▶ _EXERCISE DETAILS_
All entries below must be output word for word, and the pictures left behind.

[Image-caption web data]
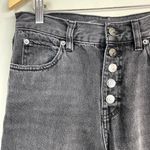 Free People We The  Jeans 26 Black Cropped Blossom Rigid Distressed Button‎ Fly Photo 1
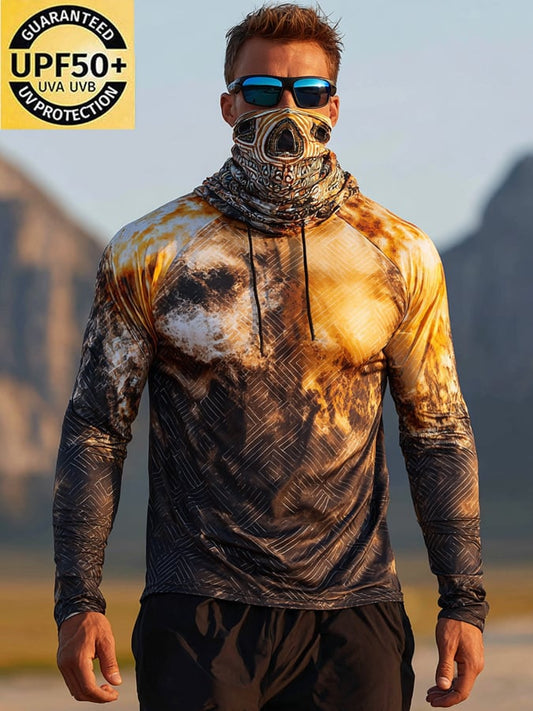 Men's Outdoor Sun Protection Breathable Cool Hooded Sun Protection Long Sleeve Top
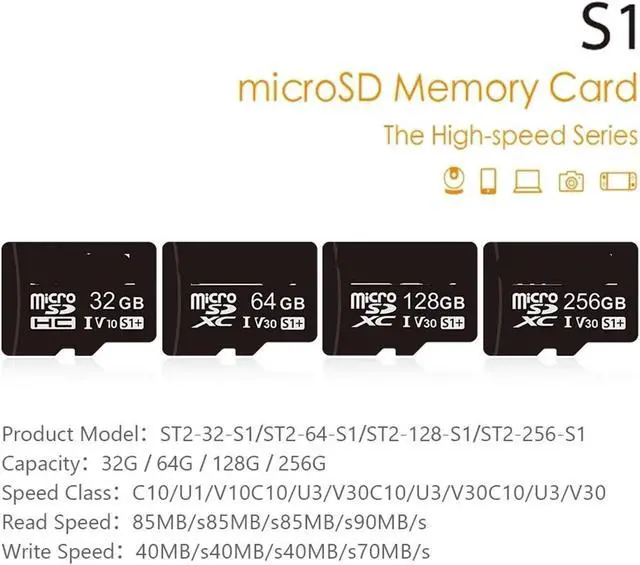 Alt view image 5 of 6 - 32G/64G/128G/256G/512G SD Card Memory Card High Speed Exclusive Micro SD XC Card for Surveillance(32GB SD Card)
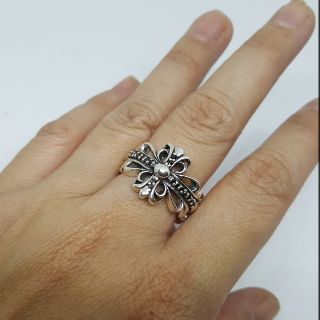 แหวนรมดำ สไตล์ chorme hearts  เงินแท้ 925 sterling silver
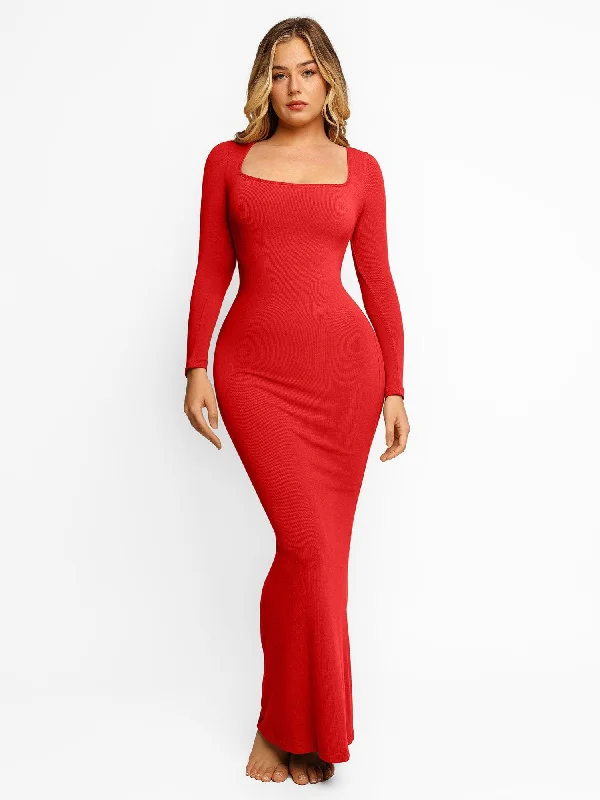 Shapewear Square Neck Long Sleeve Slimming Modal Maxi Dress Scandinavian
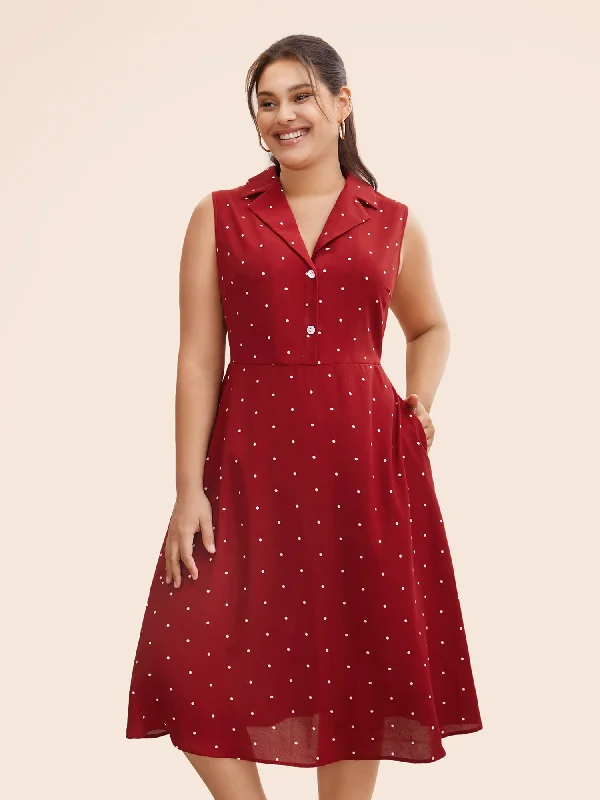 Ball Gown Women Dress with a Full Skirt for a Princess - like LookBall Gown Women Dress with a Full Skirt for a Princess - like LookPolka Dot Suit Collar Button Detail Midi Dress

▶ _ANSWER_
 Free People We The  Jeans 26 Black Cropped Blossom Rigid Distressed Button‎ Fly Photo 1
 Men's Outdoor Sun Protection Breathable Cool Hooded Sun Protection Long Sleeve Top
 Alt view image 5 of 6 - 32G/64G/128G/256G/512G SD Card Memory Card High Speed Exclusive Micro SD XC Card for Surveillance(32GB SD Card)
 แหวนรมดำ สไตล์ chorme hearts  เงินแท้ 925 sterling silver
 Shapewear Square Neck Long Sleeve Slimming Modal Maxi Dress Scandinavian
 Ball Gown Women Dress with a Full Skirt for a Princess - like LookBall Gown Women Dress with a Full Skirt for a Princess - like LookPolka Dot Suit Collar Button Detail Midi Dress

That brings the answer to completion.